上面的大部分是关于架构，内存布局和C.所有这些仍然适用于C ++。





C ++ 当函数返回并且它们超出范围时回收堆栈变量。





C ++有许多类来缓解常见函数/惯用法/模板的繁琐。它有 std 标准模板库。它也有 boost 。例如， std :: string 可能会做你想要的。但是，首先将它与我的xstr比较。





但是，我再次提醒你。在您目前的水平上， 的基本工作不是 。




The current_name is a local char array inside the following loop. I declared it inside the loop so it changes every time I read a new line from a file. But, for some reason the previous data is not removed from the current_name! It prints old data out if it wasn't overridden by new characters from the next line.

ANY IDEAS?

  while (isOpen && !file.eof()) {
    char current_line[LINE];
    char current_name[NAME];

    file.getline(current_line, LINE);

    int i = 0;
    while (current_line[i] != ';') {
      current_name[i] = current_line[i];
      i++;
    }

    cout << current_name << endl;
  }

解决方案

You're not terminating current_name after filling it. Add current_name[i] = 0 after the inner loop just before your cout. You're probably seeing this if you read abcdef then read jkl and probably get jkldef for output

---

UPDATE

You wanted to know if there is a better way. There is--and we'll get to it. But, coming from Java, your question and followup identified some larger issues that I believe you should be aware of. Be careful what you wish for--you may actually get it [and more] :-). All of the following is based on love ...

---

Attention All Java Programmers! Welcome to "A Brave New World"!

---

Basic Concepts

Before we even get to C the language, we need to talk about a few concepts first.

Computer Architecture:
https://en.wikipedia.org/wiki/Computer_architecture
https://en.wikipedia.org/wiki/Instruction_set

Memory Layout of Computer Programs:
http://www.geeksforgeeks.org/memory-layout-of-c-program/

Differences between Memory Addresses/Pointers and Java References:
Is Java "pass-by-reference" or "pass-by-value"?
http://programmers.stackexchange.com/questions/141834/how-is-a-java-reference-different-from-a-c-pointer

---

Concepts Alien to Java Programmers

The C language gives you direct access the underlying computer architecture. It will not do anything that you don't explicitly specify. Herein, I'm mentioning C [for brevity] but what I'm really talking about is a combination of the memory layout and the computer architecture.

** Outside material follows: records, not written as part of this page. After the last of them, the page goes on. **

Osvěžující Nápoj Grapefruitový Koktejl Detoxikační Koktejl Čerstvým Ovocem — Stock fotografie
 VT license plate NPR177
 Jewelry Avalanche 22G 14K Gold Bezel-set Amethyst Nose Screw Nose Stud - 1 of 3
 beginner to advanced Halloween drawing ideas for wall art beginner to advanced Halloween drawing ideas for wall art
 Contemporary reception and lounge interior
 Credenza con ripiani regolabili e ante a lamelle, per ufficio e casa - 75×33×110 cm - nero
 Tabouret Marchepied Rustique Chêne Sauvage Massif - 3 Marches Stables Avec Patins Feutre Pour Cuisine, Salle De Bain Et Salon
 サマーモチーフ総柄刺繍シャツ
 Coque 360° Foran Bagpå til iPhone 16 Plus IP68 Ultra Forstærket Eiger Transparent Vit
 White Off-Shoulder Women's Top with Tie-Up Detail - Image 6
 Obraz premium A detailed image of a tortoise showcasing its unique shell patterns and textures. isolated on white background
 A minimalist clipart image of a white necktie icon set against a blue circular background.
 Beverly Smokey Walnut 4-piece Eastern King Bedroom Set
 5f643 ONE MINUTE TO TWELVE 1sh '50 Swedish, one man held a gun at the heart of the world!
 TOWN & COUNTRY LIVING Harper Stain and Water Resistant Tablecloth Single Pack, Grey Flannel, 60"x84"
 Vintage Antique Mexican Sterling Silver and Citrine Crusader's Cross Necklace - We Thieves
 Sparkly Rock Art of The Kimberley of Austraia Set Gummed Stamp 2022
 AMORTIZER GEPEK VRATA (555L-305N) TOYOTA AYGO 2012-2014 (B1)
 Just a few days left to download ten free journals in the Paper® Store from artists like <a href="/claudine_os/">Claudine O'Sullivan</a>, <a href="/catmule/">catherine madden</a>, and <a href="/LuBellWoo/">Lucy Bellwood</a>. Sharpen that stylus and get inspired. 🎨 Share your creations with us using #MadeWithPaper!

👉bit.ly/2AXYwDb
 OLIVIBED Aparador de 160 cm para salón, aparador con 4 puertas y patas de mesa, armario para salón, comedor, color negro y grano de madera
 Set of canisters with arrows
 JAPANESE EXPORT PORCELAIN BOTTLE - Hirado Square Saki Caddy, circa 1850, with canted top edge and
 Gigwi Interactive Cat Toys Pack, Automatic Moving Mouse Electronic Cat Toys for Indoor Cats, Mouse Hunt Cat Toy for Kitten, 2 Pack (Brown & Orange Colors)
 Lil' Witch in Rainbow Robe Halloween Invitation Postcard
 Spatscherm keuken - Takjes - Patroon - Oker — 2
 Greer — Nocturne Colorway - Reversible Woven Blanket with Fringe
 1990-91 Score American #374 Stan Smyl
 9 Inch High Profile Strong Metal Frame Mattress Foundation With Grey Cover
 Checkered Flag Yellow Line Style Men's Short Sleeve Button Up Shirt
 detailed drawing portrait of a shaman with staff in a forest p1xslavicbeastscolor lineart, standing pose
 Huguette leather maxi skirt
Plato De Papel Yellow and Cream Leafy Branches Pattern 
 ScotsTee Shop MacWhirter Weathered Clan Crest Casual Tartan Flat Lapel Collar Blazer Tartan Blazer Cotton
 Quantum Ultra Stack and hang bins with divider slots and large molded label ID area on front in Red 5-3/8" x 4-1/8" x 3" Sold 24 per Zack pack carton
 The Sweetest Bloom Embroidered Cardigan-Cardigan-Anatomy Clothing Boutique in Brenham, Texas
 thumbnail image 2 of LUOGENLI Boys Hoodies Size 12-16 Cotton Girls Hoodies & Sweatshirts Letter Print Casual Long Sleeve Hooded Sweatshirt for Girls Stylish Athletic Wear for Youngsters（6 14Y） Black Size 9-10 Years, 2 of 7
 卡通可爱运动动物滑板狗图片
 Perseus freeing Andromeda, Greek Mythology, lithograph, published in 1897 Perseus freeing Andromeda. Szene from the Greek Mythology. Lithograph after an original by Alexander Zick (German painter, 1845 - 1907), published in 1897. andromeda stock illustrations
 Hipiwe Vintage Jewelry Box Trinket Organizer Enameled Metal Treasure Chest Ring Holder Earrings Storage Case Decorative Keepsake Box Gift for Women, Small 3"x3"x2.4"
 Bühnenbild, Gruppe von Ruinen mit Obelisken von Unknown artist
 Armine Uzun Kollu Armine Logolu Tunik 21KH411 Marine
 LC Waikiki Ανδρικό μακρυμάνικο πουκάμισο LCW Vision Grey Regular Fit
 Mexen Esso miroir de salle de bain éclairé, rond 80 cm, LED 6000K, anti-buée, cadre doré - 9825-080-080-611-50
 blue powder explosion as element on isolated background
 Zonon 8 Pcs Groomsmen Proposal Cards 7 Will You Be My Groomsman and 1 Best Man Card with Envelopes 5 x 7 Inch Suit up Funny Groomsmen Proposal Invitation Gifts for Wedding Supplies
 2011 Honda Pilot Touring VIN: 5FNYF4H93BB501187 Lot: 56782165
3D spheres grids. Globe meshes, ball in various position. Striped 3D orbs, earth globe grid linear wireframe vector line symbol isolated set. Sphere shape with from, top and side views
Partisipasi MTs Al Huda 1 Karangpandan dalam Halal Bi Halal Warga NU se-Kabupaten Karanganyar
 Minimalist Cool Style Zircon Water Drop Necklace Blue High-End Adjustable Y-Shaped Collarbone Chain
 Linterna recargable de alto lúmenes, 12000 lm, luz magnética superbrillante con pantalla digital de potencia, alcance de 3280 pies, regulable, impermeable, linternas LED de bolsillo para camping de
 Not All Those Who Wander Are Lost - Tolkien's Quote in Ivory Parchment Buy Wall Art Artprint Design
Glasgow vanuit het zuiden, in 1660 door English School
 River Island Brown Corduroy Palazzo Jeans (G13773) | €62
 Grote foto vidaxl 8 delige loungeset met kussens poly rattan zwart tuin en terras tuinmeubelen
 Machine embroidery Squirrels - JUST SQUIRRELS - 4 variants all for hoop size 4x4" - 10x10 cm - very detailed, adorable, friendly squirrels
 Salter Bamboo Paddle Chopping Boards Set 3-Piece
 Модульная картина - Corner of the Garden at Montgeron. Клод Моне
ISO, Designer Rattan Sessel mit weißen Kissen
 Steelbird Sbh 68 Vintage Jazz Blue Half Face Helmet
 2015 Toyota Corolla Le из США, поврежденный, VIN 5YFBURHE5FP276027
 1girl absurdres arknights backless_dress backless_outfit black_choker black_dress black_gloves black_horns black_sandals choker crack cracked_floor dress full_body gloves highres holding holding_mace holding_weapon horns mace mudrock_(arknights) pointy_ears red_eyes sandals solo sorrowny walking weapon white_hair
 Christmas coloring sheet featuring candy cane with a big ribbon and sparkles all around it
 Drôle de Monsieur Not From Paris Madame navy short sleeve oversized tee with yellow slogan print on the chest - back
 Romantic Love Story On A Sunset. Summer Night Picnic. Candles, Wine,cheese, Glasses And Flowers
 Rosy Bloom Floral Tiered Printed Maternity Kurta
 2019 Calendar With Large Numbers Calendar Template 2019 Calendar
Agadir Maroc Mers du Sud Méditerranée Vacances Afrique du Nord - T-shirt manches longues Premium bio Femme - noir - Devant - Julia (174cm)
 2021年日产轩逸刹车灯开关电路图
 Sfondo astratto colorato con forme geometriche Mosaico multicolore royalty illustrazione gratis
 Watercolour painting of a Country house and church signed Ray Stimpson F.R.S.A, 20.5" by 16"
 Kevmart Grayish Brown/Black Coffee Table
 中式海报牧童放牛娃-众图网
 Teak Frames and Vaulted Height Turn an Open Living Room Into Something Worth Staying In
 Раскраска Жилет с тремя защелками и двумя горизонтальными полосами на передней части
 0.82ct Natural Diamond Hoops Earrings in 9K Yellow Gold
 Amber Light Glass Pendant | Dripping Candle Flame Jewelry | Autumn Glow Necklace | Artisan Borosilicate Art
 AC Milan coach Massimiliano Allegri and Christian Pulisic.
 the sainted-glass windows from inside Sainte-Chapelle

• If you read memory that you didn't initialize, you will see seemingly random data.
• If you allocate something from the heap, you must explicitly free it. It doesn't magically get marked for deletion by a garbage collector when it "goes out of scope".
• There is no garbage collector in C
• C pointers are far more powerful that Java references. You can add and subtract values to pointers. You can subtract two pointers and use the difference as an index value. You can loop through an array without using index variables--you just deference a pointer and increment the pointer.
• The data of automatic variables in Java are stored in the heap. Each variable requires a separate heap allocation. This is slow and time consuming.
• In C, the data of automatic variables in stored in the stack frame. The stack frame is a contiguous area of bytes. To allocate space for the stack frame, C simply subtracts the desired size from the stack pointer [hardware register]. The size of the stack frame is the sum of all variables within a given function's scope, regardless of whether they're declared inside a loop inside the function.
• Its initial value depends upon what previous function used that area for and what byte values it stored there. Thus, if main calls function fnca, it will fill the stack with whatever data. If then main calls fncb it will see fnca's values, which are semi-random as far as fncb is concerned. Both fnca and fncb must initialize stack variables before they are used.
• Declaration of a C variable without an initializer clause does not initialize the variable. For the bss area, it will be zero. For a stack variable, you must do that explicitly.
• There is no range checking of array indexes in C [or pointers to arrays or array elements for that matter]. If you write beyond the defined area, you will write into whatever has been mapped/linked into the memory region next. For example, if you have a memory area: int x[10]; int y; and you [inadvertently] write to x[10] [one beyond the end] you will corrupt y
• This is true regardless of which memory section (e.g. data, bss, heap, or stack) your array is in.
• C has no concept of a string. When people talk about a "c string" what they're really talking about is a char array that has an "end of string" (aka EOS) sentinel character at the end of the useful data. The "standard" EOS char is almost universally defined as 0x00 [since ~1970]
• The only intrinsic types supported by an architecture are: char, short, int, long/pointer, long long, and float/double. There may be some others on a given arch, but that's the usual list. Everything else (e.g. a class or struct is "built up" by the compiler as a convenience to the programmer from the arch intrinsic types)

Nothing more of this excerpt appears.